Meine Betriebstemperatur stieg weiter, in meinem Kopf arbeitete es. „Sei vorsichtig, verscherze es dir nicht mit Greta, beleidige nicht ihren Lehrer, bleibe diplomatisch“, ermahnte mich eine innere Stimme.

Doch unaufhaltsam erwachte der Neandertaler in mir, seine Stimme klang gemein und böse: „Zeig es ihnen, lass diese Winkelsteinschnepfe auflaufen, hau den Lehrer mitsamt seiner beschissenen Schule in die Pfanne!“

Ich ahnte, wenn ich mich jetzt einmischte, würde der Elternabend in einer Katastrophe enden. Bösen Geistern gleich bemächtigten sich die Demütigungen der eigenen Schulzeit jedoch zunehmend meiner Sinne, die Zeit für Rücksichtnahme und Diplomatie war vorbei, Gretas Schule sollte büßen. Kontrollverlust, Sigmund Freud hatte recht. Mein Finger schnellte hoch, während ich mich wieder an Frau Winkelstein wandte.
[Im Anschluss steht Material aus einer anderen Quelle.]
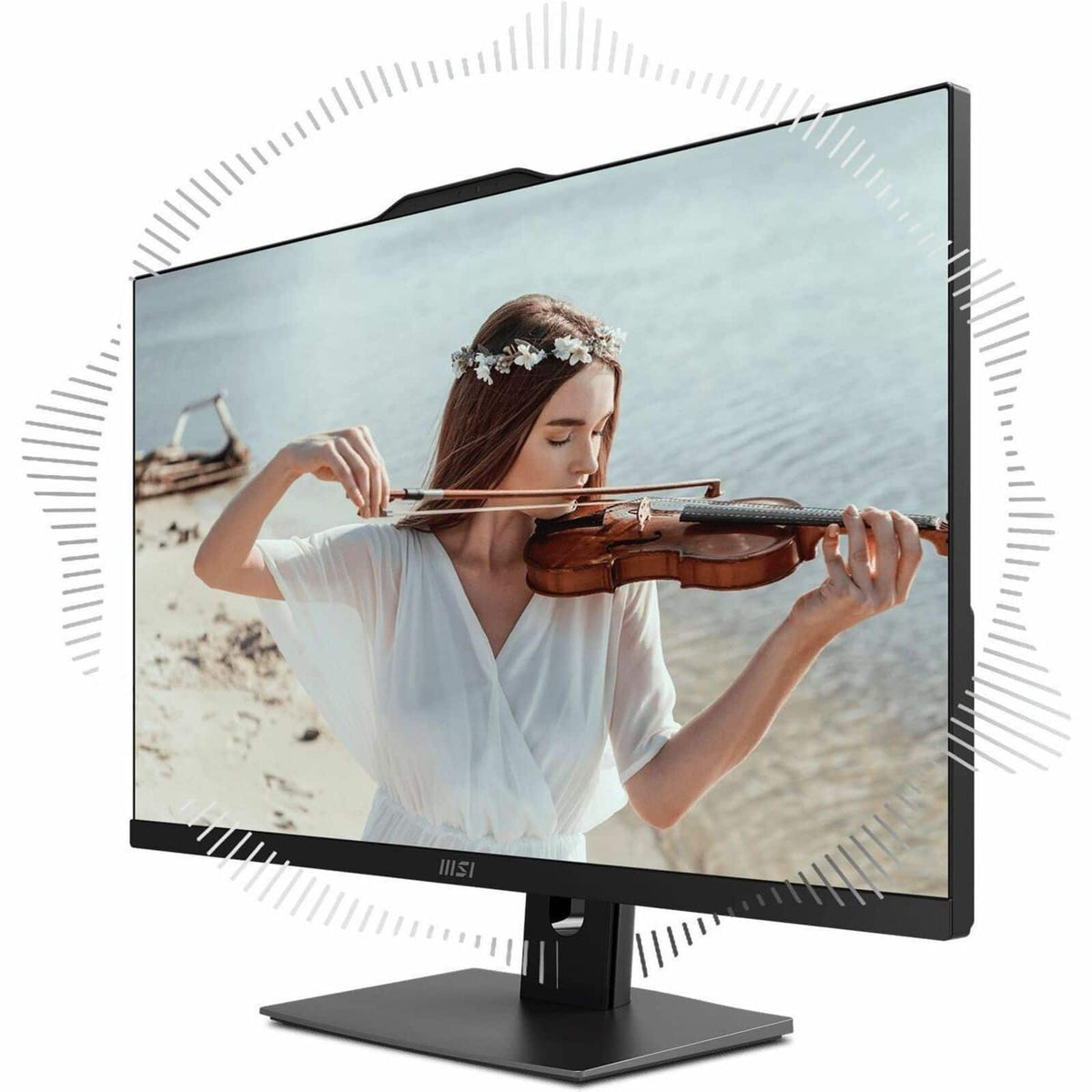 MSI - Modern AM272P 1M 27" All-In-One - Intel Core Ultra 7 - 32 GB Memory - 1 TB SSD - Black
„Ihre Begeisterung für diesen Herrn kann ich überhaupt nicht teilen! Ihnen empfehle ich übrigens, sich mit den skurrilen Ernährungsgewohnheiten Ihrer Tochter zu befassen!“, zischte ich. Sie schreckte zusammen, ging aber sofort zum Gegenangriff über.

„Was wollen Sie damit sagen, Sie unverschämter Flegel?“, geiferte sie. Ich staunte, wie schnell sich schleimige Vertrautheit in gefährliche Bissigkeit verwandeln konnte, mir war es recht.

„Ihre Tochter popelt in der Nase“, hielt ich ihr triumphierend entgegen. „Darüber könnte man vielleicht noch hinwegsehen, aber dass sie die Ergebnisse ihrer Ausgrabungen in aller Öffentlichkeit verspeist, ist unzumutbar!“

Frau Winkelsteins Gesichtszüge erstarrten, ein Anblick, der mich ergötzte.

„Herr Hagemann, Sie haben eine Frage?“, lächelte Herr Oppeln-Möhlmann, denn ich streckte noch immer meinen Finger in die Höhe.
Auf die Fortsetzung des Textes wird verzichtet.